Recently, in the “2021 Two Sessions·Health Policy” series of interviews, Liao Jieyuan, Chairman and CEO of WeDoctor Group, pointed out that internet hospitals have entered the 3.0 stage—the user value created by the “Health Responsibility Community,” led by platform-based internet hospitals, is gradually becoming apparent. By leveraging internet hospitals and internet medical consortia, the “Health Responsibility Community” implements a accountable care system at the level of medical insurance pooling areas, taking responsibility for health outcomes, and has received high acclaim from the government, industry, and academia.
In the post-pandemic era, digital healthcare is becoming the new normal for medical consultations and care, rapidly undergoing iterative upgrades. In 2015, WeDoctor established China’s first internet hospital—the Wuzhen Internet Hospital. After more than five years of development, internet hospitals have become an integral component of the healthcare service system.
In particular, through deep integration with medical insurance, digital healthcare has enabled the general public to truly reap the benefits of a closed-loop service model encompassing “medical care, pharmaceuticals, and insurance coverage.” During the pandemic, WeDoctor pioneered the nationwide implementation of online medical insurance payments, meeting 97% of the follow-up consultation and medication procurement needs for 408,000 patients with chronic and severe conditions in Wuhan at its peak. Currently, WeDoctor operates 28 internet hospitals, 17 of which are accredited for medical insurance reimbursement and have enabled online insurance payment processing. The willingness of medical insurance funds to cover these services constitutes the strongest endorsement of the quality and efficiency of internet hospital services.
In addition to effectively enhancing users’ payment capacity and convenience, digital healthcare services have significantly optimized patients’ medical experience. Taking WeDoctor’s practice in Tai’an, Shandong Province as an example, its membership-based digital chronic disease management service, delivered through an internet hospital, reduced the average consultation time for local chronic disease patients from 2–3 hours to 30 minutes within 15 months. The average prescription cost per hospital visit decreased by 12.7%, and patients’ out-of-pocket expenses dropped by more than 5%. This also marks China’s first city-level model of direct medical insurance reimbursement for digital chronic disease management, enabling patients to benefit from end-to-end chronic disease care that integrates “online and offline” as well as “in-hospital and out-of-hospital” services.
By extensively connecting medical resources, WeDoctor’s multi-scenario, wide-coverage medical and health maintenance services have significantly improved the accessibility of high-quality healthcare.

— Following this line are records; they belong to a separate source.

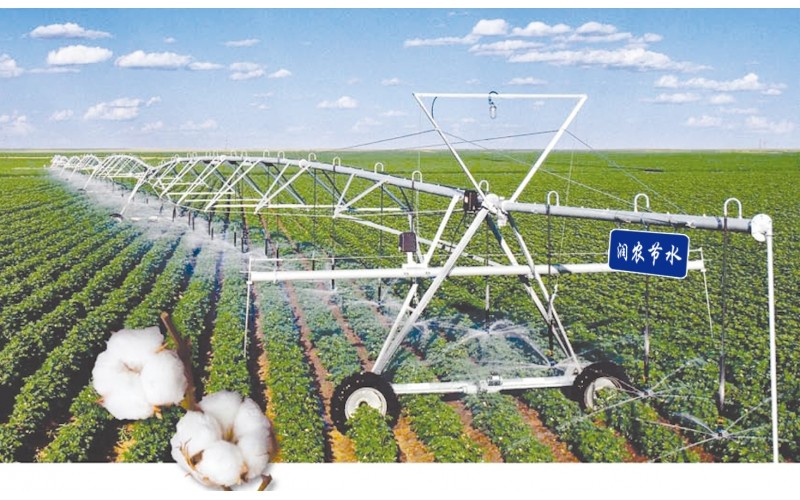 ָ��ʽ����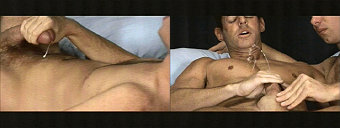 porn videos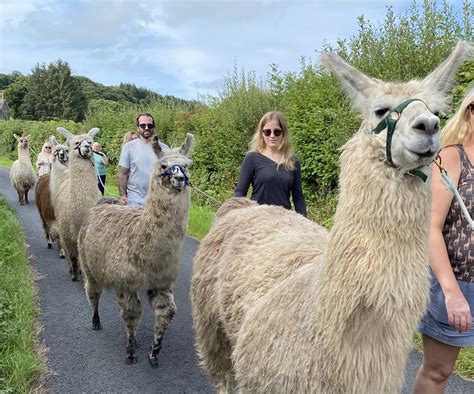 Llama Trekking - Wellwild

Users can seek medical consultation and prescription services via smart devices such as mobile phones, regardless of their location. Meanwhile, through its “Mobile Hospital” initiative, WeDoctor has brought digitalized medical, pharmaceutical, and diagnostic services directly to communities, effectively addressing challenges such as weak primary-care diagnostic capabilities and the scarcity of high-quality medical resources. To date, the WeDoctor platform has connected more than 7,600 hospitals and over 270,000 physicians, with more than 220 million real-name registered users.

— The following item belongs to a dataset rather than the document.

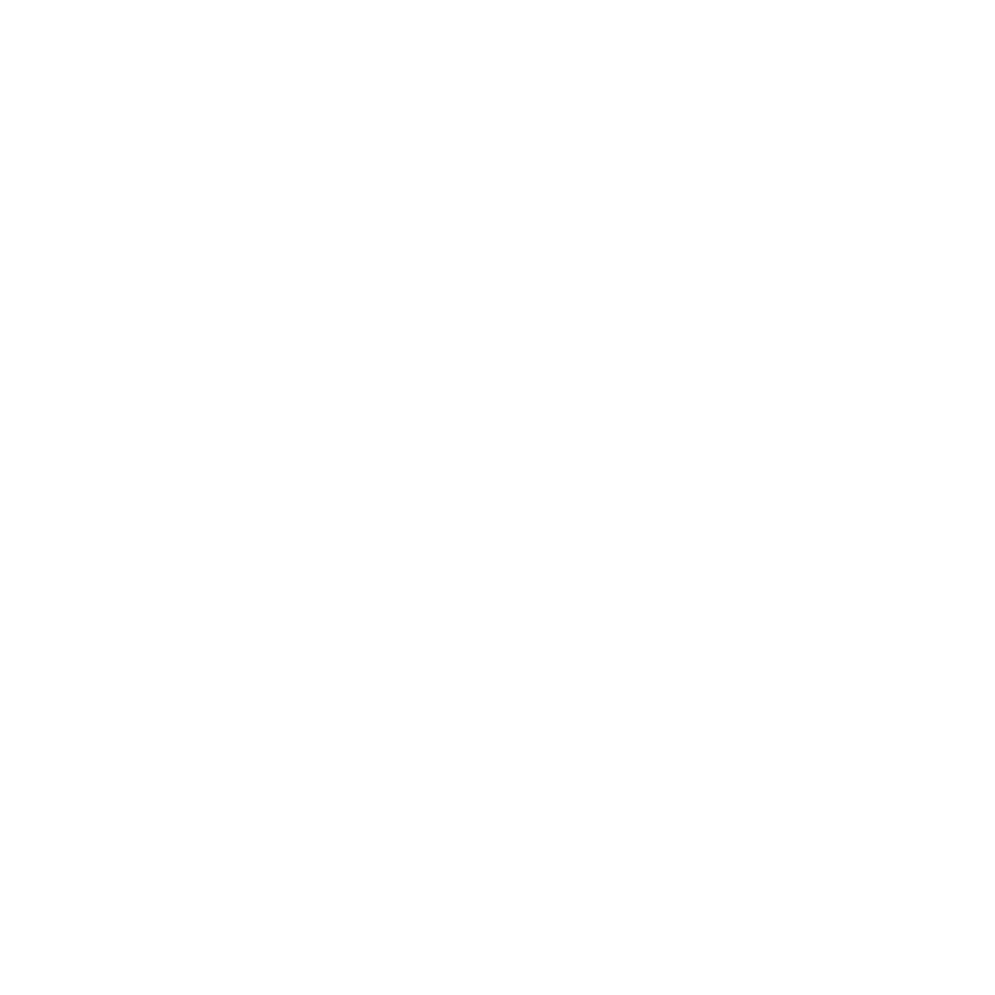 v-mss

Digital healthcare services not only improve the accessibility and affordability of medical care for users but also enhance the clinical effectiveness of these services. It is reported that WeDoctor Internet General Hospital implemented standardized, intelligent diabetes management for a sample patient cohort. Over a 12-month period, this initiative significantly improved the glycated hemoglobin (HbA1c) control rate—a key biomarker—among participating patients, thereby substantially enhancing their health outcomes.

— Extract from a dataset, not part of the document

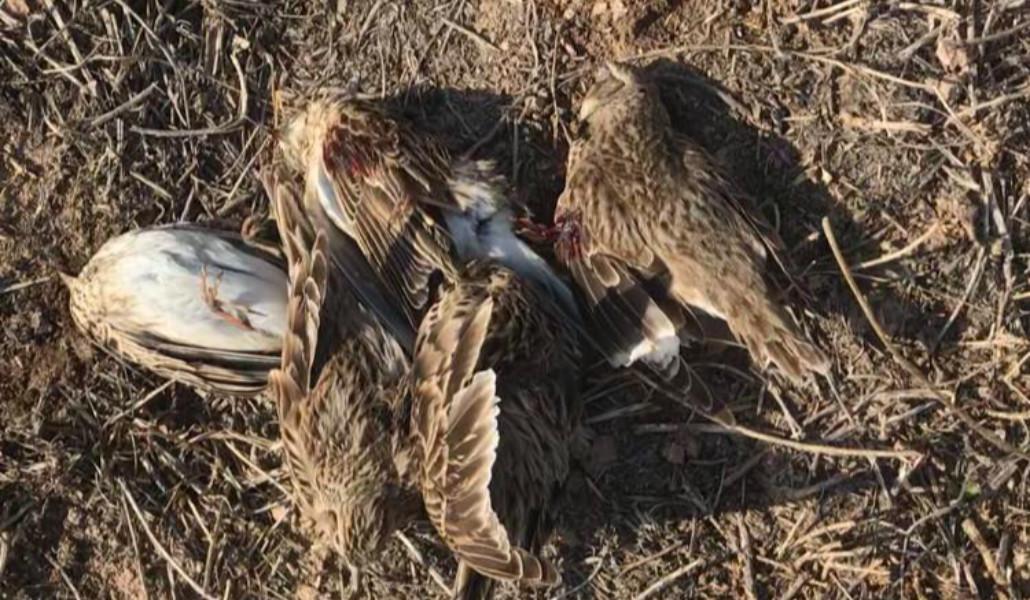 տափաստանային արտույտ որսացած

Not long ago, in the commendation of “Advanced Models for Improving Medical Services” by the National Health Commission, Tianjin WeDoctor Internet General Hospital was awarded the title of “Demonstration Hospital,” becoming the only internet hospital among the 484 recognized institutions. As a benchmark for Internet Hospitals 3.0, Tianjin WeDoctor Internet General Hospital has led 267 primary healthcare institutions across the city to form a closely-knit medical consortium, achieving unified management, shared responsibility, shared benefits, and standardized services, thereby providing users with full-lifecycle medical and health maintenance services. This initiative is driving the reform of diagnosis-related group (DRG) payment under medical insurance and the implementation of a “health-centric” accountable care system, enabling every citizen to access preventive care, diagnosis, treatment for minor illnesses, referral for serious conditions, and management of chronic diseases at the primary care level.
The Proposal for the 14th Five-Year Plan and the Long-Range Objectives Through the Year 2035 calls for improving national health promotion policies, strengthening the national public health protection network, and providing comprehensive, full-cycle health services to the people. Digital healthcare has driven a comprehensive improvement in the accessibility, clinical effectiveness, and cost-efficiency of medical services, creating substantial user value. In this new era, the “Health Responsibility Community,” led by platform-based internet hospitals, will further promote the upgrading of the digital accountable care system, serving as managers and “gatekeepers” of national health.